Before we go any further, I feel the need to address the cyber issue. As security professionals, I think we all have the tendency to cringe when people use media buzzwords like cyber. But we should be careful. Security impacts everyone, even those who don't understand it or our industry-speak. What's important here is effective communication, even if it means using words we probably are adverse to. Let's face it: we've lost the "cyber-war". Cyber is here to stay, and if we waste precious time and energy debating whether or not we should be using these buzzwords rather than focusing on effective communication then we're going to lose a lot more.

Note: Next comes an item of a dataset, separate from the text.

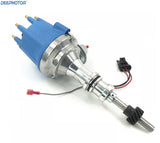 SBF Pro Series Ready to Run Distributor for Small Block Ford 302 221 260 289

This brings us back to the injustice of perspective. Information Security isn't simply some rat-race against cyber criminals. It is an abstract which affects everyone across all departments. Security should have a broader audience than just security professionals. There is a rather pervasive legacy perspective which sees different organizational teams as individual silos working on their own pieces of the puzzle. While there is some merit to this in specific applications, it ignores the greater objectives we are trying to reach here. Security needs to be accessible to the largest possible audience across all teams to be successful. An organization's security models should incorporate an inclusive philosophy into their designs. This is crucial because of what effective security impacts beyond cybercrime.
Most people may not even be aware that Information Security is built upon 3 pillars (our security principles): Confidentiality, Integrity, and Availability. The truth is, these are operational missions with far reaching impact on multiple departments, teams, and organizational units. I don't really see Information Security as a separate silo here, but rather a particular discipline of an Operations team. This is not to say that we don't need dedicated security professionals and that Ops should be handling everything. More precisely, I mean that we should break down these silos and integrate teams more meaningfully. Security should be working in tandem with other teams to make sure every part of our data pipelines has a place within our security lifecycles. Operations holds the largest reaching link to disparate parts of the organization, and can maintain a deep level of introspection spanning technology, business operations, and policy that is hard to find in other organizational units. By integrating Information Security here, we create an opportunity to build security lifecycles around our existing business processes. The role of a security department shouldn't be to replace or override the functions of any other department, but to supplement them. If done properly, security teams shouldn't be creating friction for other teams but creating meaningful, productive paths that other teams can leverage to increase their security postures.
In the end, enterprise security is not about hardware, stacks, or systems. This is about providing the security our business needs to be successful in its mission while accepting the lowest risk profile we meaningfully and reasonably can. That can be a hard point for many to understand (even across different teams.) Often, there is a prideful desire to implement the most encompassing and complete environment one can theorize. Perfect security, so to speak. Such attempts are rarely rewarded. We are more likely to see debate of the perfect lead to impractical expectations and divides. What we need instead is a translation of the impact of security risks measured against the business goals. How do these risks impact liability, compliance obligations, or loss of assets? (Assets don't simply have to be tangibles like revenue, but could be customers or reputation.) A balance between acceptable risks and reasonable security models will often be far more productive and rewarding.
Integrating Information Security teams into your Operations teams also provides an accessibility benefit for management. The traditional roles cast for security professionals as "No"-sayers and task generators doesn't foster a productive work environment. Executive management already has a firm understanding of the concrete values an Operations team brings to the business. As an extension of Operations, functioning within this role, a security team's value becomes concrete by association. These values are more likely to be understood and accepted by executive management and stake holders.
The evolution of Information Security into an Operations core is absolutely necessary for its healthy growth into future domains. Adversaries don't care about silos and boundaries, it's far passed time be do something to transcend our own.